*** Block opens ***

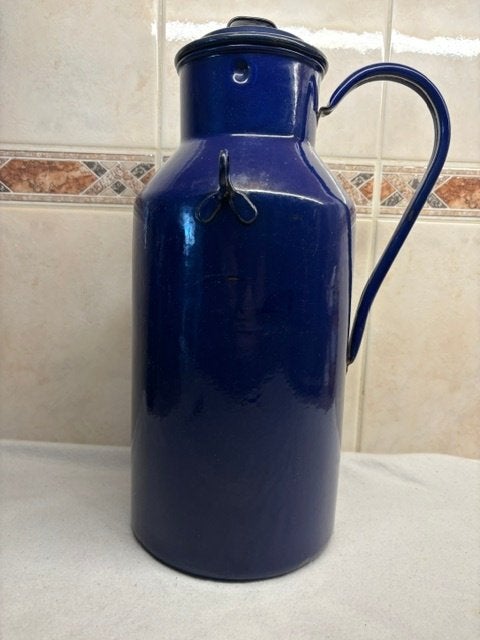 Grote Vintage Emaille Melkbus, Ophalen of Verzenden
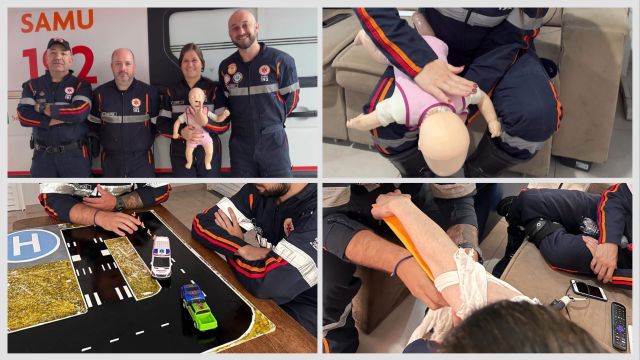 Imagem referente a notícia: SAMU de Corbélia recebe treinamento prático para aprimorar atendimento em urgências e emergências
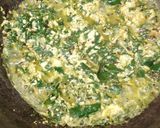 A picture of step 5 of Indian Keto Meal: Cauliflower Upma/ Palak Pachadi/ Chia Raita.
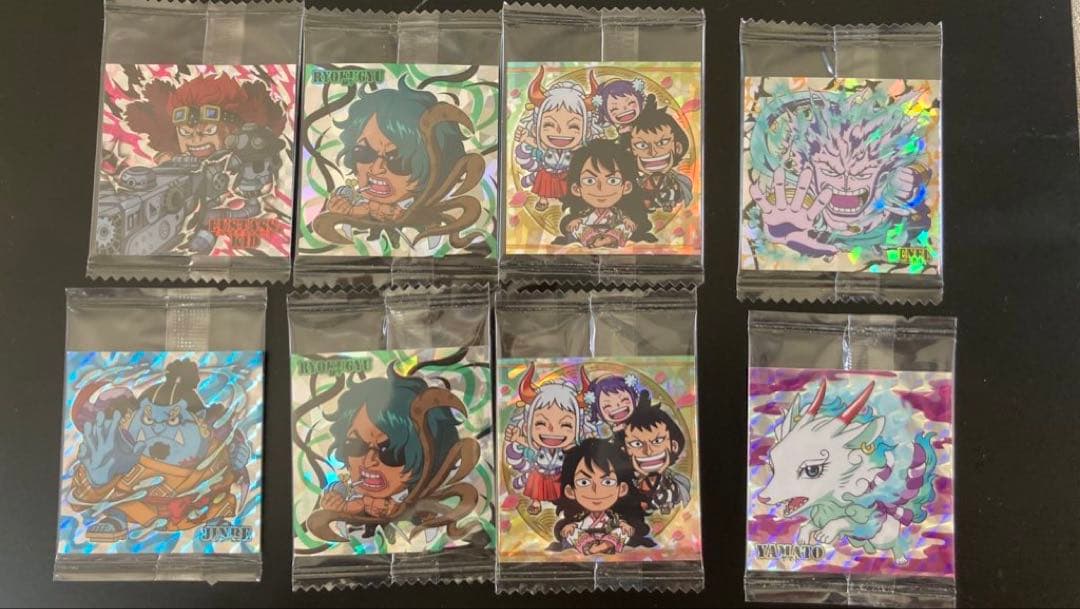 ワンピース大海賊ウエハース付属ステッカー各種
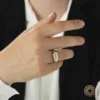 Elif  Gümüş Kadın Yüzük Modeli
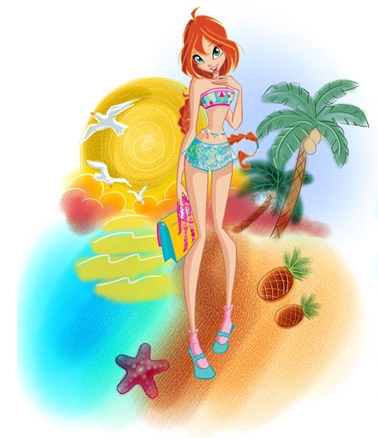 Летняя картинка с Блум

*** Block closes ***

» Instructions for the task: Without including any pictures, reproduce the listing exactly.

» Output for this task:
 Grote Vintage Emaille Melkbus, Ophalen of Verzenden
 Imagem referente a notícia: SAMU de Corbélia recebe treinamento prático para aprimorar atendimento em urgências e emergências
 A picture of step 5 of Indian Keto Meal: Cauliflower Upma/ Palak Pachadi/ Chia Raita.
 ワンピース大海賊ウエハース付属ステッカー各種
 Elif  Gümüş Kadın Yüzük Modeli
 Летняя картинка с Блум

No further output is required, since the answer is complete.